The Cochran Foundation - Tobias Koch plays works by Julian Cochran - Warsaw, Poland 12 December 2022

From the Lt. Julian Chochran, Klara Gronet, Danae Eleni, Tobias Koch

This musical performance and conversation with the composer Julian Cochran has stirred many memories in my recntly established world of Nostalgiaville. I moved into classical music in quite the reverse gear - from the jazz world of Oscar Peterson, to the contemporary classical music of say Olivier Messiaen, Stockhausen and Boulez back further in time through Chopin and Bach to the great operas of Monteverdi, finally to Josquin des Pres, Palestrina and Gregorian Chant. 
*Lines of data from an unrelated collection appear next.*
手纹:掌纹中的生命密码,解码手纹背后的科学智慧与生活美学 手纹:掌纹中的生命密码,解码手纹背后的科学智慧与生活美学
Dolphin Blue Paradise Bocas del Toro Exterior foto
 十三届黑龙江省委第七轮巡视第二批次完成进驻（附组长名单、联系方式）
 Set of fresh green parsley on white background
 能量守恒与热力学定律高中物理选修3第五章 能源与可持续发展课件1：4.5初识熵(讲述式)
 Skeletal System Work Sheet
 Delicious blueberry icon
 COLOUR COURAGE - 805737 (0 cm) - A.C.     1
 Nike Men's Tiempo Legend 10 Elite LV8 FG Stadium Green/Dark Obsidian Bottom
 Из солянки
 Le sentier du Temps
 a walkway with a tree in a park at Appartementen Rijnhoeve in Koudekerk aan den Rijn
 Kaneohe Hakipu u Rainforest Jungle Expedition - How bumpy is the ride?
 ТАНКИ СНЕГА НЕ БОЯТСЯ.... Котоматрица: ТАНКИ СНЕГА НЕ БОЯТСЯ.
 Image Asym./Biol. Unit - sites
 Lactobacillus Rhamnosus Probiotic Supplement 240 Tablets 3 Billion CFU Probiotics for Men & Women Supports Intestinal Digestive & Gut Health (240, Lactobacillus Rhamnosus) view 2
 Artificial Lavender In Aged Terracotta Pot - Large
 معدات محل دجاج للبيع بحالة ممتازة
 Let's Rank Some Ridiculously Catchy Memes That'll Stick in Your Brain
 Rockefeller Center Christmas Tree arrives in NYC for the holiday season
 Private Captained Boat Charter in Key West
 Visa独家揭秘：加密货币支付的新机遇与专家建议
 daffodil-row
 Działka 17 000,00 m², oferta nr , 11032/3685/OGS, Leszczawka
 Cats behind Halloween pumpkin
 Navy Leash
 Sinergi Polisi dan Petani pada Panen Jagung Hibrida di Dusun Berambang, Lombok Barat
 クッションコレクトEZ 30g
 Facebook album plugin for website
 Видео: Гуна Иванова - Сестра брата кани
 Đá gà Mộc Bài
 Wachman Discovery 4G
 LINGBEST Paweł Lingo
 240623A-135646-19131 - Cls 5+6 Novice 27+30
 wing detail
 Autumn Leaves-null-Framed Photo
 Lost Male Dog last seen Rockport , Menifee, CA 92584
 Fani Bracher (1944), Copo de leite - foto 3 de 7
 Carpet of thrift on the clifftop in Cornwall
The first image that springs into the viewfinder of my mind was my experiences during the avant-garde year of revolution 1968. During those years I was in Paris writing my own experimental 'indeterminate' avant garde texts influenced by the style of the Nouveau Roman literary movement (Marguerite Duras, Nathalie Sarraute, Alain Robbe-Grillet). I was deeply interested in the contemporary classical music of Messiaen, Nono, Berio, Dallapiccola, Penderecki, Pousseur, Stockhausen, Boulez, Kagel and Xenakis. I now tend to agree with Penderecki that the avant-garde movement in the arts oftentimes led these deeply imaginative artists into a creative cul-de-sac.

In 1968 I also attended as an observer many of the classes and premieres given by the German electronic composer Karlheinz Stockhausen at the Rheinische Musikschule in Cologne (Courses for New Music) together with the Australian composer David Anthony Ahern (1947–88) who was born in Sydney. He studied composition first with Nigel Butterley, then with Richard Meale. His first performed work was entitled After Mallarmé (Universal Edition 1966) for orchestra, but of the greatest notoriety was the piece entitled Ned Kelly Music (1967) for orchestra. The success of this piece elevated Ahern’s importance within the Australian avant garde. He later studied with Cornelius Cardew in London and later formed the AZ Music Ensemble at the Sydney Conservatorium of Music. His early death was a tragedy for exploratory and experimental music in Australia.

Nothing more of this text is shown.